After having created the GraphBlogGraph in a Google Spreadsheet in part 1, and having imported it into Neo4j in part 2, we can now start having some fun and analysing and querying that dataset. There are obviously a lot of things we could do here, but in this final blog post I am just going to explore some initial things that I am sure you could then elaborate and extend upon.

Let’s start with a simple query

// Which pages have the most links
match (b:Blog)--(p:Page)-[r:LINKS_TO]->(p2:Page)

return b.name, p.title, count(r)

order by count(r) desc

Run this in the Neo4j browser and we get:

or just return the graphical result with a slightly different query:

match (b:Blog)--(p:Page)-[r:LINKS_TO]->(p2:Page)

with b,p,r,p2, count(r) as count

order by count DESC

limit 50

return b,p,r,p2

And then you start to see that Max De Marzi is actually the “king of linking”: he links his pages to other web pages a lot (which is actually very good for search-engine-optimization) .

A quick visit to one of Max’ pages does actually confirm that: there’s a lot of cool, bizarre, but always interesting links on Max’ blogposts:

So let’s do another query.

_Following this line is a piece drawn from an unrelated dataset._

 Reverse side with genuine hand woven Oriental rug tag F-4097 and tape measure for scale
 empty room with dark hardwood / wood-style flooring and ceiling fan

Let’s look at the different links that exist between blogposts of our blog-authors. Are they actually quoting/referring to one another or not? Let’s do

//links between blogposts

MATCH p=((n1:Blog)--(p1:Page)-[:LINKS_TO]-(p2:Page)--(b2:Blog))

RETURN p;

and then we actually find that there are some links - but not that many.

Same thing if we look at this a different way: let’s do some pathfinding and check out the paths between different blogs, for example my blog and Michael’s

match (b1:Blog {name:"Bruggen"}),(b3:Blog {name:"JEXP Blog"}),

p2 = allshortestpaths((b1)-[*]-(b3))

return p2 as paths

Then we actually see a bit more interesting connections: we don’t refer to one another directly very often, but we both refer to the same pages - and those pages become the links between our blogs. At depth 4 we see these kinds of patterns:

Interesting, right? I think so, at least!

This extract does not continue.